What do high-ranking officials, including the President, think
What do high-ranking officials, including the President, think upon seeing the floods that have hit many areas in the country?
Recent reports gave the impression that they considered the flooding a trivial problem -- an annual event in the rainy season.
There has been no special discussion by Cabinet ministers, focusing on the floods. Yet, Vice President Hamzah Haz has made a trip to the holy land of Mecca for the haj pilgrimage. It's not the pilgrimage that we are criticizing, but the Vice President is in a high-profile position, which carries public responsibility.
Members of the House of Representatives? They have acted as if they were not representing the people. Both the executive and legislators have no sense of crisis and seem to be more interested in political affairs.
The recent natural disasters, including landslides and floods in East and Central Java, Jambi, Bengkulu and West Java, have claimed several lives and displaced thousands of survivors.
In Jakarta and Bekasi hundreds of homes have been submerged by floodwaters.
The disasters have simply emphasized the suffering of ordinary people. For the people, who are suffering from the economic crisis, life means now, while the managers of the country are focusing on the 2004 elections.
-- Republika, Jakarta
Exonerated by the court, arrested by the police
The Tangerang District Court exonerated on Wednesday three people from African countries, Kholisan Nkomo, alias Izuchukwu Okoloaja, Michel Titus Igweh and Hilary K. Chimieze, charged with drug dealing, for technical reasons.
Police officers arrested the three as they were leaving the penitentiary gate -- on a previous allegation -- for possession of drugs.
The trial of the three started after the police found 50 grams of heroin believed to belong to Okoloaja's girlfriend at a house in the Regensi Melati Mas housing complex in Tangerang, and another 5.9 kilograms of heroin at a Kelapa Gading apartment rented by Chimieze.
However, the court freed the three on Wednesday because the names on the dossiers were different to the names the court had.
The court decision has apparently incited the anger of Regensi Melati Mas housing complex residents. The residents said they were disappointed by the prosecutors' indictments, which proved to be weak. The police were also disappointed with the court proceedings. This gave a strong impression that cooperation among law enforcers were very poor.
-- Warta Kota, Jakarta
The rush to war
There is great temptation - especially for those opposed to military action in Iraq - to blame the upcoming adventure on Americans to control oil in that part of the world. It is an interpretation also embraced by most of the Arab and Muslim world.
Then there is the even shallower argument that the rush to war is all about this president's desire to get the man his father failed to nail.
Most of the world loves a simple answer.
The truth is more complex. This is not only about oil, although it certainly plays a part, and it isn't about a son's revenge. This is about enormously complicated geopolitics. It is about maintaining and slowly altering a delicate balance of power in the Middle East and it is about disarming a disgusting dictator.

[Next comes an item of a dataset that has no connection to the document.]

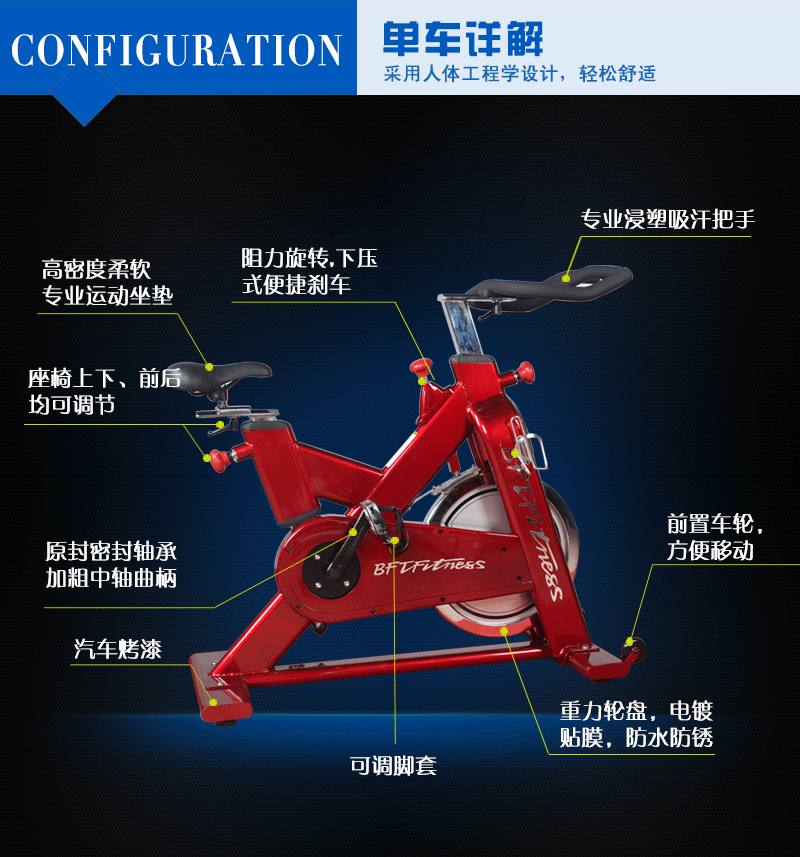 全面解剖动感单车,360度看它健身的好处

So, let us not be shallow about the reasons for war in Iraq. They are many and they are deep.
That, however, does not answer the question of why and why now.
Why, after tolerating the nonsense of Saddam Hussein for a decade, must we send 100,000 troops into war now? Why must we expend the wealth of the nation at a time when most Americans are struggling with a stagnate economy? Why must we delve into this firestorm knowing it will bring on the wrath of most the Arab nations and feed the trough of terrorists worldwide? ...
The Anniston Star, Anniston, Alabama
Shuttle Columbia
The outpouring of international sympathy, grief and scientific solidarity for the United States space authorities after the tragic disaster with the Columbia shuttle is vivid testimony to the esteem their work enjoys throughout the world. ...
The 80 pieces of research work the crew was doing, ranging from analysis of Saharan dust to the nature of high altitude flashes in the earth's most upper atmosphere, are reported and commented on in this newspaper today. They draw unusual public attention to a basic feature of the world we inhabit and take for granted. The death of these seven crew members will delay construction of the International Space Station. It is already substantially behind schedule and dogged with controversy; but this tragedy should not stop it.
Yesterday's responses by U.S. political leaders and scientific representatives underlined their determination not to let the tragedy affect their commitment to the basic work involved - nor to let it affect morale in other spheres. Such exploration is very expensive. Nevertheless, the basic research/scientific, practical/economic, and military/security benefits and payoffs involved should ensure the program goes on despite this grave upset. It is a genuinely international endeavor in a globalizing world more and more reliant on space-based research and communications. This work must continue after the Columbia disaster.